Его слова утонули в одобрительном шуме. Даже если допустить, что многие кричали лишь затем, чтобы остановить надоедливого старика, дело московского князя имело здесь хорошую поддержку. Лукомский, однако, не унывал: пьяный стол, затеявший общий спор, ещё никогда не приходил к согласию. Страсти действительно всё более накалялись, многие уже начали вспоминать взаимные обиды, говорить в адрес соседей ругательные слова и размахивать руками. Ольшанский хмуро поглядывал на спорщиков.
— А ты как об этом деле понимаешь? — неожиданно спросил он у Лукомского.
— Я человек новый, скажу что не так, осердитесь, — притворно вздохнул он.
— Говори, чего там. Затем и собиралися...
За стулом наступила тишина.
— Ну так слушайте. Долгие годы хожу я королевским послом к великому князю Ивану. Знаю его, как свою ладонь, и могу сказать одно: коварен, жаден и жесток сей государь. Всякому честному человеку негоже с ним дело иметь...
Застолье всколыхнулось возмущённым разноголосьем.
— Тихо! — громыхнул Ольшанский. — Сами же просили гостя говорить. Продолжай, Иван Фёдорович.
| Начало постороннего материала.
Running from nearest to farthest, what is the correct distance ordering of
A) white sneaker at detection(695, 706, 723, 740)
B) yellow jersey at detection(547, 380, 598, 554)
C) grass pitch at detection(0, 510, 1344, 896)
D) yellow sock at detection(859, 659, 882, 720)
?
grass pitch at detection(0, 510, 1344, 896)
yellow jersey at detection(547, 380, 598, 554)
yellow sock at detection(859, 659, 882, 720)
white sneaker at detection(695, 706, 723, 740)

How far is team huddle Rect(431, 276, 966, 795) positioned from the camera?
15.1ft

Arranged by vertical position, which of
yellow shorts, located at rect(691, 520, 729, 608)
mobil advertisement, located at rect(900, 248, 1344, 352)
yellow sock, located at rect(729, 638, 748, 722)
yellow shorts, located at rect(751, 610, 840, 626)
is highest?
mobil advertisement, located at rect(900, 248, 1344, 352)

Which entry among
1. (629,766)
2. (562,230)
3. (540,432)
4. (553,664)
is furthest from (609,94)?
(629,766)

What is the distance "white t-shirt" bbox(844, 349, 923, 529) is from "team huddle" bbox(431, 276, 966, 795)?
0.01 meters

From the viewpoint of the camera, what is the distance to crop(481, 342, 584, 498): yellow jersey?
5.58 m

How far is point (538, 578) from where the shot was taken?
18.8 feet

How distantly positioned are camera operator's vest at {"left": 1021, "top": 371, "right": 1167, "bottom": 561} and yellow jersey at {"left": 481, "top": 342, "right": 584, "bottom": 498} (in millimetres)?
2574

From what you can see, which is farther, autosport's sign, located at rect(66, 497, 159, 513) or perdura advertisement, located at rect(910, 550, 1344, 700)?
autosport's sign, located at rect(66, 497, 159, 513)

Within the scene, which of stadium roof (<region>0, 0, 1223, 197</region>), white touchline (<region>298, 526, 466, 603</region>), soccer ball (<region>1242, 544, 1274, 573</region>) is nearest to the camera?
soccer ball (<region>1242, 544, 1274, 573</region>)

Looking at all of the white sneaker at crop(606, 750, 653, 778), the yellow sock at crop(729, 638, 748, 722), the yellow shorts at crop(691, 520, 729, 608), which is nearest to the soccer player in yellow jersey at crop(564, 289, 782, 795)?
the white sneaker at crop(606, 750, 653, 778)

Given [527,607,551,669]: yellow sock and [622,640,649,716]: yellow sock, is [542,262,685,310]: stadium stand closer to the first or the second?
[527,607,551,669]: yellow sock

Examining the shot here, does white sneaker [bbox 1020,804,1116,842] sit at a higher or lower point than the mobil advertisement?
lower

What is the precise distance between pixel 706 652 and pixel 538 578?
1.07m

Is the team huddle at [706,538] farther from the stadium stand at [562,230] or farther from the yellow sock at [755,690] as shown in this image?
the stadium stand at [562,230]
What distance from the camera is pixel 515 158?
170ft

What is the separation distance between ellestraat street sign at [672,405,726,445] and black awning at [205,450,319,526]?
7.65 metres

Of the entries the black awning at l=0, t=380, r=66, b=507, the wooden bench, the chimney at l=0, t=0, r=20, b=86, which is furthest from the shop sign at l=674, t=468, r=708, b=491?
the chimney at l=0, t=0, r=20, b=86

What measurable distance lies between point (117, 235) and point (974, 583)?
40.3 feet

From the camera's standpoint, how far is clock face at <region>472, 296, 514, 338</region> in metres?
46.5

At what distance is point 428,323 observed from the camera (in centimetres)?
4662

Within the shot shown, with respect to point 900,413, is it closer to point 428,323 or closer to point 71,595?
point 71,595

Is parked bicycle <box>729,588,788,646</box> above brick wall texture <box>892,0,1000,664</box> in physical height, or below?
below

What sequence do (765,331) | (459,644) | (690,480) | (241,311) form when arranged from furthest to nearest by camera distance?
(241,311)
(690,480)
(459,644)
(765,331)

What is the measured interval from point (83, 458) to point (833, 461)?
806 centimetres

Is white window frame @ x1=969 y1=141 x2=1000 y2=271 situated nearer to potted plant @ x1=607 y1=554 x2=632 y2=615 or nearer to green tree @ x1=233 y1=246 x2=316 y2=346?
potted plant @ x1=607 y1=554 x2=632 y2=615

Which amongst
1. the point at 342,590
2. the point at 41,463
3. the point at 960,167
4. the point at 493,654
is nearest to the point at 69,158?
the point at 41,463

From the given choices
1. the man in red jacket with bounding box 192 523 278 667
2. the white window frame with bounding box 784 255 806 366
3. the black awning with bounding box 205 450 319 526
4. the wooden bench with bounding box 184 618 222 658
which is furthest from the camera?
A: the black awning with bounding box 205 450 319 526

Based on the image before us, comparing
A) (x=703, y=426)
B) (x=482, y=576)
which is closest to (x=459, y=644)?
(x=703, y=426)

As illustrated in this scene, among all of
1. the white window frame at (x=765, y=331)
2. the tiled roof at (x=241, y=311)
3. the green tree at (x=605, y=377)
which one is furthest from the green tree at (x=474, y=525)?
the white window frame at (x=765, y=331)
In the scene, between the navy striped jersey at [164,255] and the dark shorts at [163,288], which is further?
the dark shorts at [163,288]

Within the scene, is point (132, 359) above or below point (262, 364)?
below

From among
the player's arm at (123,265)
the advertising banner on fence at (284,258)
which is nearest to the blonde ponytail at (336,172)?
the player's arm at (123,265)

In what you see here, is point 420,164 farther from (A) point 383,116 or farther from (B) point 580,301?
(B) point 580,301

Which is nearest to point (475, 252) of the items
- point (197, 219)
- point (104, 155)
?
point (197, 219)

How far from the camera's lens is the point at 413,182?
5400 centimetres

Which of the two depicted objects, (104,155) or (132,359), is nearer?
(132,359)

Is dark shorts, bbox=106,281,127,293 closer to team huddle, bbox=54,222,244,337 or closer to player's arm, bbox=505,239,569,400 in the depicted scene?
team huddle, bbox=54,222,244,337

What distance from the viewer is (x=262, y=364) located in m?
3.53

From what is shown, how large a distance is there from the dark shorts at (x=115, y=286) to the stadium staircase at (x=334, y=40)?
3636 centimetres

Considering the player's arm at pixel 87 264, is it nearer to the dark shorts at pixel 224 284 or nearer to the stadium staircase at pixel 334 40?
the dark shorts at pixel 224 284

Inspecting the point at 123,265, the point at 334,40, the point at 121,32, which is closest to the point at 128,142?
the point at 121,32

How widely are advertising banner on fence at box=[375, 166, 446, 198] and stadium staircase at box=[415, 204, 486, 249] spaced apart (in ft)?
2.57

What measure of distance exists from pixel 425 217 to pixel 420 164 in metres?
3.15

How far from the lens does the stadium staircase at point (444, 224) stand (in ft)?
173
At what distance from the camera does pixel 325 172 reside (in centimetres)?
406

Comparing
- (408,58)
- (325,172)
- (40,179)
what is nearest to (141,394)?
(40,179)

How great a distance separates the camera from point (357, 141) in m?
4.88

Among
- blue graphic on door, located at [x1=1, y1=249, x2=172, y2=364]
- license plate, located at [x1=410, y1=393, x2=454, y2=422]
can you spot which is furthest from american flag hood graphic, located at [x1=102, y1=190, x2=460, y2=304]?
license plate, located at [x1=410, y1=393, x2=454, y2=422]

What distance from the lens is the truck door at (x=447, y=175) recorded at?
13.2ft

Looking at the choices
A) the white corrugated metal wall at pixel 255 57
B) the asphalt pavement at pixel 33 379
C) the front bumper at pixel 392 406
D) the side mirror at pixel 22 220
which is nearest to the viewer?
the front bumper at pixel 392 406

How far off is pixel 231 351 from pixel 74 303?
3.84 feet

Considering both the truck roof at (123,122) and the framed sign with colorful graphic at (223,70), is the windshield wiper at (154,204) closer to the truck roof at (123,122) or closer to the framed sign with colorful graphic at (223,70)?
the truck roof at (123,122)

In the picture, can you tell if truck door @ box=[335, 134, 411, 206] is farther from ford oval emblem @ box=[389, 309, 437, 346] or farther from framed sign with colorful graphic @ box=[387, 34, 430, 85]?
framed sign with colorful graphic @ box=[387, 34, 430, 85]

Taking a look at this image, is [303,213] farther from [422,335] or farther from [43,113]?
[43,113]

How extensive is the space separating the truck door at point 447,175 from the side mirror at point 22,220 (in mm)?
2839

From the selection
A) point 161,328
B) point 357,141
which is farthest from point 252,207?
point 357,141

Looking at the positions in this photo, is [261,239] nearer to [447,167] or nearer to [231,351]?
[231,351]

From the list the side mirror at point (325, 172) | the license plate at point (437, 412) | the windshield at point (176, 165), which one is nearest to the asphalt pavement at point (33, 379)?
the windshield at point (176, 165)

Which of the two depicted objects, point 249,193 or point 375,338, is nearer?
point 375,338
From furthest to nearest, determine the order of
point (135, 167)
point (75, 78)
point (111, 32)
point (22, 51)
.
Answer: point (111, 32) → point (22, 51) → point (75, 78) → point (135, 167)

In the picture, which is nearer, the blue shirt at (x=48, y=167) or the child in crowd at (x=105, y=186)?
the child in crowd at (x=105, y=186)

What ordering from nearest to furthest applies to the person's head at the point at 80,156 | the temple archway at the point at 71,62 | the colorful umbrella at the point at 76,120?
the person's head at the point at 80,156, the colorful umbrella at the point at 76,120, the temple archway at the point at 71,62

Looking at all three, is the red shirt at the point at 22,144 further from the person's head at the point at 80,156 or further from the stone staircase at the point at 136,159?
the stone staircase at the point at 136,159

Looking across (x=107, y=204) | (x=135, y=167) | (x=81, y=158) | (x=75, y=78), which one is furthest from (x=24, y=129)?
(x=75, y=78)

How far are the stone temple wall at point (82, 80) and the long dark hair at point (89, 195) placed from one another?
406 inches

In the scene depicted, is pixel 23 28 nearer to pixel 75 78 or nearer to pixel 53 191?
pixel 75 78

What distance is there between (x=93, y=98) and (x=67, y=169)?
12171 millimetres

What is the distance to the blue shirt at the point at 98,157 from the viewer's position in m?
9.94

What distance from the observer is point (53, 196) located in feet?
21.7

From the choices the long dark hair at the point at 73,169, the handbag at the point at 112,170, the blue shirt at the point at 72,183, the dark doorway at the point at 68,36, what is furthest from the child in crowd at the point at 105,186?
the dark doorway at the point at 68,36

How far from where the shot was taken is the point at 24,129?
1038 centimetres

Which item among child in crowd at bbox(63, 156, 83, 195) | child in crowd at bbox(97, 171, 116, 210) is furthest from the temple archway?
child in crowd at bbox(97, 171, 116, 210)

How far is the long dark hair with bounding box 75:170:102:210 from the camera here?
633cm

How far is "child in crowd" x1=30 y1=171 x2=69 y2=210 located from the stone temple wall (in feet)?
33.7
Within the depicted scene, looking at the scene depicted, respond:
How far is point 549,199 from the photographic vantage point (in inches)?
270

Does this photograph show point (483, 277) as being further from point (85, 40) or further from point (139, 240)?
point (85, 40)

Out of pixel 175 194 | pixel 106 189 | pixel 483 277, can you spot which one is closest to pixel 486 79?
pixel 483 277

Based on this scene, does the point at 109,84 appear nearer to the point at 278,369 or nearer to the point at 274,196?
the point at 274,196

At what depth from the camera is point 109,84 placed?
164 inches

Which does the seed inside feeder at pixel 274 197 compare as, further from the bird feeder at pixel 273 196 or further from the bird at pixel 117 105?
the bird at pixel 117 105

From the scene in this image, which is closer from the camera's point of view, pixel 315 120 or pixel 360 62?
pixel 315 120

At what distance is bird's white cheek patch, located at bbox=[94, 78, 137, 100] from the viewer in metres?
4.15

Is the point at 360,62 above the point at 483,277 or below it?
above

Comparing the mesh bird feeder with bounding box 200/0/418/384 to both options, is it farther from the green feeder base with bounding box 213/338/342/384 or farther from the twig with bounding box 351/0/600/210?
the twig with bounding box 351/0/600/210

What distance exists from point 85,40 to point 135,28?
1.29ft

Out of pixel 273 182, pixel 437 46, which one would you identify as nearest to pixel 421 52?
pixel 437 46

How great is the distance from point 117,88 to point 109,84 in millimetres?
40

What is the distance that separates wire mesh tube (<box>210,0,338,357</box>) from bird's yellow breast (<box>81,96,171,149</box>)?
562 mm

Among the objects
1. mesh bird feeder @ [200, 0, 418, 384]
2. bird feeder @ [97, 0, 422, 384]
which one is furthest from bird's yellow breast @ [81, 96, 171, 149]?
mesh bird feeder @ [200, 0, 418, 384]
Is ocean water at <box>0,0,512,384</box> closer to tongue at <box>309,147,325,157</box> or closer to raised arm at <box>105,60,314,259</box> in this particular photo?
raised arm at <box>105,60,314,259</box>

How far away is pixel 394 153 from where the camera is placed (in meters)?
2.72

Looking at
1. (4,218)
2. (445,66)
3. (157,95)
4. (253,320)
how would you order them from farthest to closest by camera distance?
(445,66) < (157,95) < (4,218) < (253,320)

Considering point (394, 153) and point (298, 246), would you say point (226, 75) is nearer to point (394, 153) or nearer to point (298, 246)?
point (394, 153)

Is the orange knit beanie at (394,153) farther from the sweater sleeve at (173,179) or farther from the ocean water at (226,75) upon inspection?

— У него все мысли о собственных примыслах и прибытках, но прикрыты высокими словесами. И клюют простаки навроде вас на эти словеса и идут складать свои буйные головы...
— Всуе, всуе говоришь, — не выдержал Воротынский, — мы не по словам судим, но по непостыдным поступлениям и делам...
— А дела его все на виду. С иноземными соседями в ссоре. Братьев единокровных так обидел, что они в другую землю потекли. Бояр да князей служилых грабит и в застенки бросает, отцов святых насильствует. Куда больше? Скоро и ваш черёд придёт своих отчин и дедин лишаться, как уже было с Серпуховом и Тарусой.
Помянул про них Лукомский и как соль на рану насыпал. Оба города — центры удельных княжеств, долгое время вели ожесточённые споры, и Иван III, ловко играя на противоречиях, сумел присоединить их к Москве. Действовал он довольно бесцеремонно, чем вызвал в своё время гневное осуждение верховских.
— Дак когда сие свершение было? — взорвался Воротынский. — Ныне многие из нас за-ради его представительства своей волею хотяще к нему притечь...
— Не выйдет у них своей воли, — усмехнулся Лукомский. — Иван о таких нашему королю нашёптывает, чтоб тот расправу над отступниками учинил.
Снова взорвались возмущённые голоса: почто, дескать несусветицу несёшь?
— У Ивана свой расчёт, — продолжал как ни в чём не бывало Лукомский. — Коли добровольцев к себе на службу принимать, так за ними вотчины сохранять надобно, верно? А коли король наш свой розыск по его шёпоту учинит да судом пригрозит, Иван горемыке защиту пообещает, а для того вотчину его к себе заберёт.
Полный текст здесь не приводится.